Opinion
October 18, 1990
Appeal from the Supreme Court, Albany County.
Petitioner, a State Trooper, was served with seven charges of misconduct stemming from information gathered after he and fellow State Trooper Ty Anderson became the targets of an extensive investigation by the State Police which placed them under surveillance for suspected drug trafficking. The charges accused petitioner of violating various provisions of law and State Police rules by, among other things, operating motor vehicles at speeds in excess of the legal limits, operating improperly registered or licensed motor vehicles, carrying a firearm on duty without proper authorization, personally consuming and observing and allowing others in his vicinity to smoke marihuana without hindrance, and associating with known criminals or persons suspected to have been dealing in narcotics. Following a hearing, petitioner was found guilty by the Hearing Board of all seven charges, except the allegations in charge III accusing petitioner of selling or distributing a controlled substance. Termination was recommended. Respondent Superintendent of State Police adopted the Hearing Board's findings and recommendation and terminated petitioner. This proceeding followed.
We confirm. Although petitioner correctly observes that the activity which was the subject of the misconduct charges apparently did not result in criminal charges being filed against him, it does not follow that substantial evidence was not produced to support the charges of misconduct. Substantial evidence "means such relevant proof as a reasonable mind may accept as adequate to support a conclusion or ultimate fact" (300 Gramatan Ave. Assocs. v. State Div. of Human Rights, 45 N.Y.2d 176, 180). In an administrative hearing, hearsay is admissible, and may constitute substantial evidence if sufficiently relevant and probative (see, People ex rel. Vega v Smith, 66 N.Y.2d 130, 139). While petitioner contends that his witnesses and evidence were more credible than that produced by respondents, it is for the administrative agency to weigh the evidence and resolve any conflicting testimony (see, Matter of Berenhaus v. Ward, 70 N.Y.2d 436, 443-444). In the face of substantial evidence in the record, it is not for this court to reject the credibility choices made by the agency (supra; see, Matter of Lee v. Chesworth, 135 A.D.2d 1046).

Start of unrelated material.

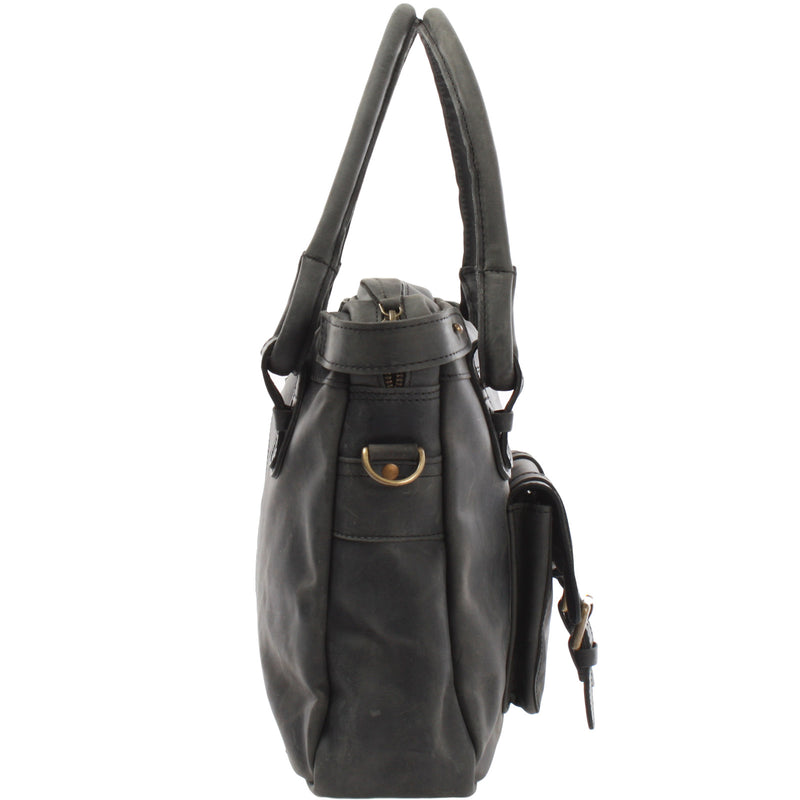 Leconi Schultertasche Henkeltasche Damentasche Handtasche Leder grau LE0050 Versandkostenfrei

The facts as demonstrated by the testimony, petitioner's own unsworn statement and the exhibits at the hearing, and the inferences reasonably drawn therefrom, convince us that the determination is sufficiently supported by the record (see, Matter of Garnes v. New York State Police, 156 A.D.2d 907). With respect to the penalty, we do not conclude that the punishment of dismissal was so severe as to shock one's sense of fairness, especially when the nature of the charges and the relevant circumstances are taken into account (see, supra; see also, Matter of Pell v. Board of Educ., 34 N.Y.2d 222).
Determination confirmed, and petition dismissed, without costs. Kane, J.P., Weiss, Levine, Mercure and Harvey, JJ., concur.